連続講座⑩「昭和・平成、そして新しい時代へ」講師:保阪 正康さん(ノンフィクション作家・評論家)

保阪正康さんは日本文藝家協会・日本ペンクラブ会員で、「昭和史を語り継ぐ会」を主宰。ノンフィクション・評論・評伝など多数の作品を発表している。


昭和は62年と2週間、平成は来年4月、30年3カ月で終わることになった。その流れの中で私たちが考えるべきことは何なのかを整理してみたいと話の口火を切った。昭和のキーワードは3つ、「天皇」「戦争」「国民」。


大日本帝国憲法の下で国体(君主制)の下に政体(軍事主導体制)があり、天皇が神格化されていた時代には、国民は天皇の臣民であり赤子(せきし)であった。皇統を守ることこそ天皇の目的であり、戦前までは戦争も皇統を守る手段だった。日清・日露戦争、日中戦争から太平洋戦争という歴史の中では、国民は天皇のために死ぬことを求められていたのだとする。

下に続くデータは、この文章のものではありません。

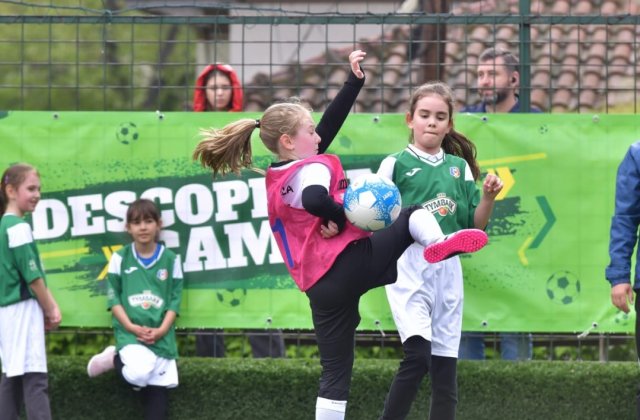 ONSȘ Fotbal - Cupa Tymbark Junior. Etapa zonală este &icirc;n plină desfășurare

1945年8月、昭和天皇は人間宣言をし、国民は臣民ではなく市民になった。平成のキーワードは「天皇」「政治」「災害」。昭和が終わり今上天皇が即位したときのお言葉は、「私は日本国憲法を守りこれに従って天皇としてのつとめを果たします」というものだった。政体の下に天皇制を置き、民主主義体制があって私が存在するのだと言われたことは、大事なことである。2016年8月8日に出されたビデオメッセージは、ある意味で天皇の現実を大きく変えるという意思のある変革のメッセージだと思う。それは今までのどの天皇も使わなかった言葉、「個人として」の5文字にも表れている。国民が象徴天皇というものに共鳴、共感をしてほしいという思いと、追悼、慰霊に代表されるような「戦争の清算」を行いつつ、「象徴天皇」という道筋を自らが作ってきたことを、「皆さんはどう思いますか?」と、天皇は国民に問いかけているのである。それに対して私たち国民は何らかの意思表示をする必要があると述べた。

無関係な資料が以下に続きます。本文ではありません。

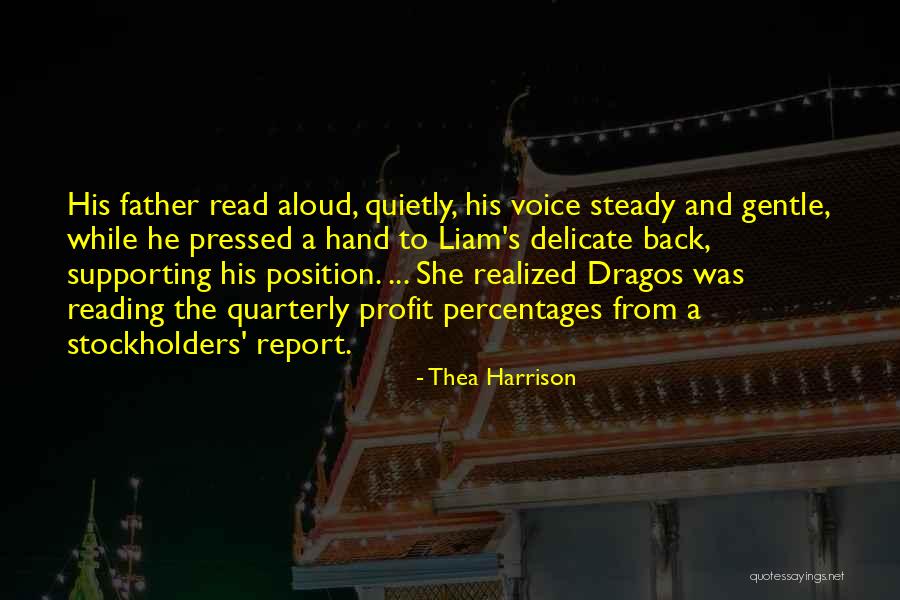 Reading Aloud Quotes By Thea Harrison Reading Aloud Quotes By Thea Harrison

「災害」については関東大震災に遡り、朝鮮の人たちや社会主義者の惨殺など、情報閉鎖集団にルーマー(噂・風説)が入れられたときに起こり得る恐るべき現象について述べ、災害は人災でもあると指摘した。私たちの倫理や常識を守るために、情報閉鎖集団であることは絶対に避けなければいけないと力説する。
「政治」の問題点は小選挙区制によって生じた政治の劣化である。ファシズムはデモクラシーの後をずっと影のようについてくる。ナチスがそうであったように。私たちは平成の政治は恐い方向に向かっているということを意識し、ここだけは許さないという線をひいておくかどうかというのが大事であり、昭和史に学ぶべきことだと述べた。


天皇という名によって変わる元号は、文章で言えば句読点である。句読点を打ったときにその時代を考える必要があり、今打った句読点はどういう文章に繋がるのだろうと考えていくとわかりやすいだろうかと語った。